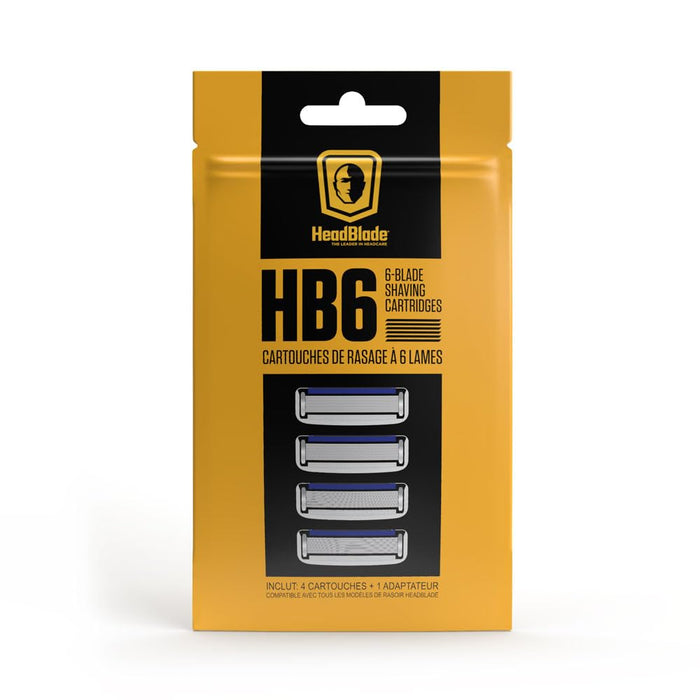 Men's HB6 Refill Shaving Razor Blades - 6 Stainless Steel Blades for No Tugging or Pulling, Shave Less, Works for Face, Body, and Scalp (4 Blades) 1 Pack
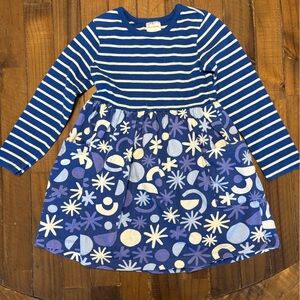 Hanna Andersson Blue and White Striped Long Sleeve Dress snowflake 4T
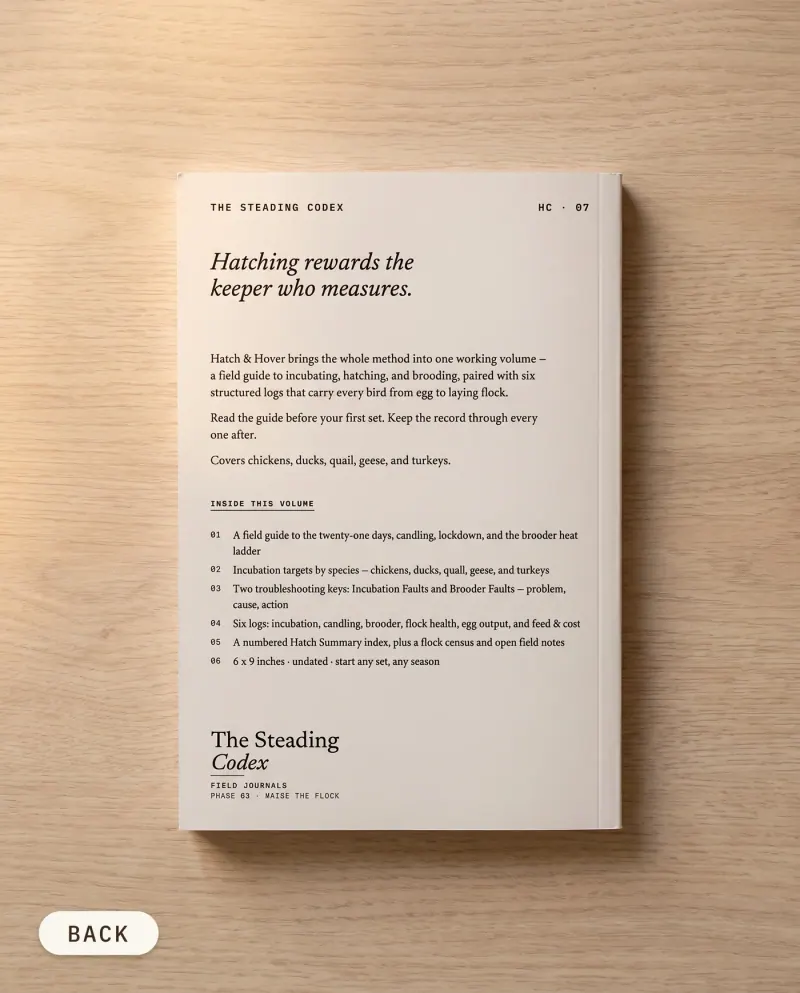 Hatch & Hover poultry hatching journal — back cover on an oak table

- EXERCISE DIRECTIONS
Output the whole listing again, exactly, without its pictures.

- EXERCISE RESULT
 Men's HB6 Refill Shaving Razor Blades - 6 Stainless Steel Blades for No Tugging or Pulling, Shave Less, Works for Face, Body, and Scalp (4 Blades) 1 Pack
 Hanna Andersson Blue and White Striped Long Sleeve Dress snowflake 4T
 Hatch & Hover poultry hatching journal — back cover on an oak table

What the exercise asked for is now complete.